# Preprocessing (feature engineering)

I decided to do all feature engineering before splitting because both processes are independent in my pipeline. Performing all the feature engineering ahead of splitting simplifies the pipeline.

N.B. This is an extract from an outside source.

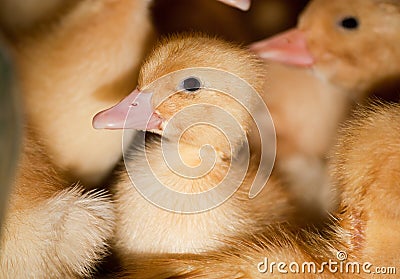 Little yellow ducklings in a cage at the poultry farm. Stock Photo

The purpose of this notebook is to:

1. Fill `heat index`, `wind chill`, and `class` missing values (*explained in EDA*)
2. Create speed feature
3. Create race-specific combinations of speed and time
4. Create weather combinations
5. Add `month`, `day`, `year` features

## Import necessary packages and data

In [14]:
import pandas as pd

df = pd.read_csv("../data/compiled.csv")
df.head()

Unnamed: 0,Name,Grade,Section,Class,School,Race,Date,Place,Time (sec),Speed Rating,...,Wind Speed,Precipitation,Dew Point,Humidity,Wind Chill,Wind Gust,Heat Index,Visibility,Year,Distance (mi)
0,Allyson Tierney,12.0,01-,C,Albertus Magnus,Section 1-Class C,2014-11-01 00:00:00,25.0,1325,70.0,...,14.3,0.0,33.4,63.18,38.7,23.0,,9.9,2014,3.106
1,Andrea Nardone,11.0,01-,C,Albertus Magnus,Section 1-Class C,2014-11-01 00:00:00,3.0,1172,121.03,...,14.3,0.0,33.4,63.18,38.7,23.0,,9.9,2014,3.106
2,Emily Auld,11.0,01-,C,Albertus Magnus,Section 1-Class C,2014-11-01 00:00:00,15.0,1253,94.19,...,14.3,0.0,33.4,63.18,38.7,23.0,,9.9,2014,3.106
3,Ruth Segall,10.0,01-,C,Ardsley,Section 1-Class C,2014-11-01 00:00:00,37.0,1384,50.54,...,14.3,0.0,33.4,63.18,38.7,23.0,,9.9,2014,3.106
4,Selena Colon,12.0,01-,C,Ardsley,Section 1-Class C,2014-11-01 00:00:00,8.0,1198,112.62,...,14.3,0.0,33.4,63.18,38.7,23.0,,9.9,2014,3.106


## Fill (some) Missing Values

In [15]:
# Explained in EDA, TLDR: no heat index below 80F, no wind chill above 50F/below 3MPH winds
df['Heat Index'] = df['Heat Index'].fillna(df['Temperature'])
df['Wind Chill'] = df['Wind Chill'].fillna(df['Temperature'])
df['Class'] = df['Class'].fillna("CITY") # missing values for class are all NYC schools

## Feature Engineering 
Speed, Race-Specific Speed & Time, Weather, Date

In [16]:
before_cols = df.columns

df['Time-Place'] = df["Time (sec)"]/df["Place"]
df['Name-School'] = df["Name"] + "-" + df["School"]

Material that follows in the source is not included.